A man, a plan, a canal – Panama
Perhaps the title should read ‘many men, multiple plans, finally a canal – in Panama’ (though it somewhat ruins the palindrome). All I knew of the Panama Canal was that it was a canal in Panama. I win no prizes for knowing that. A birthday gift of Graham Greene’s The Captain and the Enemy, partly set in Panama, got me to wondering about the canal’s history and how the link between two of the world’s great oceans came about.
Work began on the canal in 1881, after the success of another project at Suez. Its opening in 1914 would have been a celebration of human endeavour over the environment if it wasn’t for the First World War igniting in Europe only 18 days before. At 48 miles long, the Panama Canal is half the length of the Suez Canal, but took four times longer to construct.

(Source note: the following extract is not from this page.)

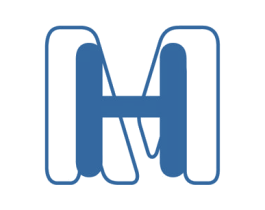 MH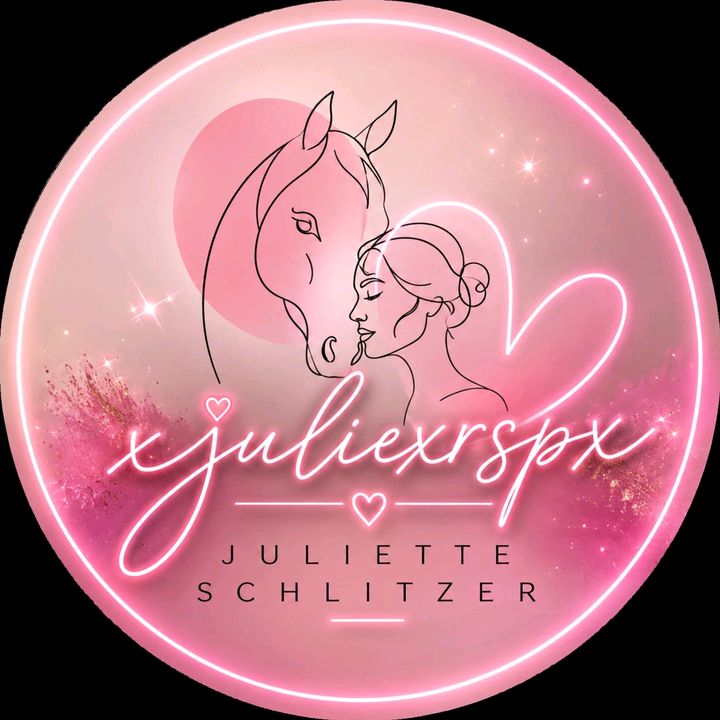 XJULIEXRSPX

Maybe Panama’s wacky geography confused the canal’s designers. Despite separating the Atlantic in the east from the Pacific to the west, the canal runs more or less west from the Atlantic, along a north-south axis. And although the canal divides Panama into two halves, it only came under the control of Panama’s government in 1999, belonging previously to the United States.

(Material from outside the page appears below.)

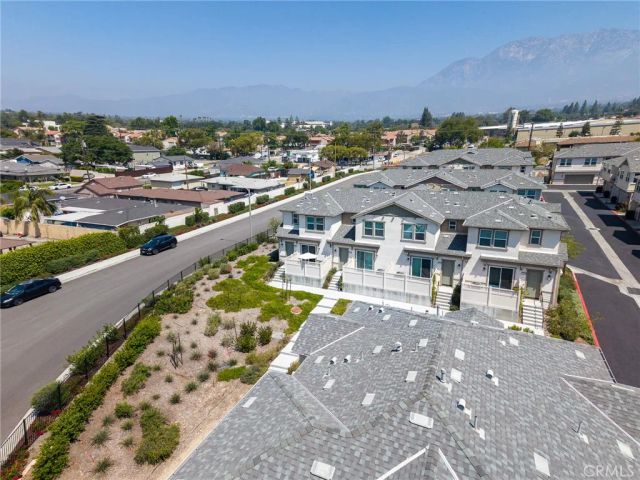 1362 Anise, Upland, CA 91786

Whichever cardinal compass point is the correct one, on opening on 15th August 1914 the canal halved the sailing time to the U.S west coast and Pacific nations, avoiding the need to sail around the tip of the South American continent. It made these trading areas more accessible, opening up China and Japan for those little bits of plastic we know we can’t do without.
A canal across the narrow stretch of Panamanian land was first envisaged in 1534 by the Holy Roman Emperor and King of Spain Charles V as he sought a better route to Peru. However, the first transcontinental crossing was a rail line. The canal follows much of the same route, making use of the levelling and cutting activity necessary for the laying of tracks. On its Atlantic side the canal makes use of Gatun Lake, before taking a path that winds around spits of land towards the Pacific. It takes a ship between 8-10 hours to change oceans. Although waiting times can increase the crossing time to 20-30 hours, it’s still a massive improvement on the time required to circumnavigate south America instead.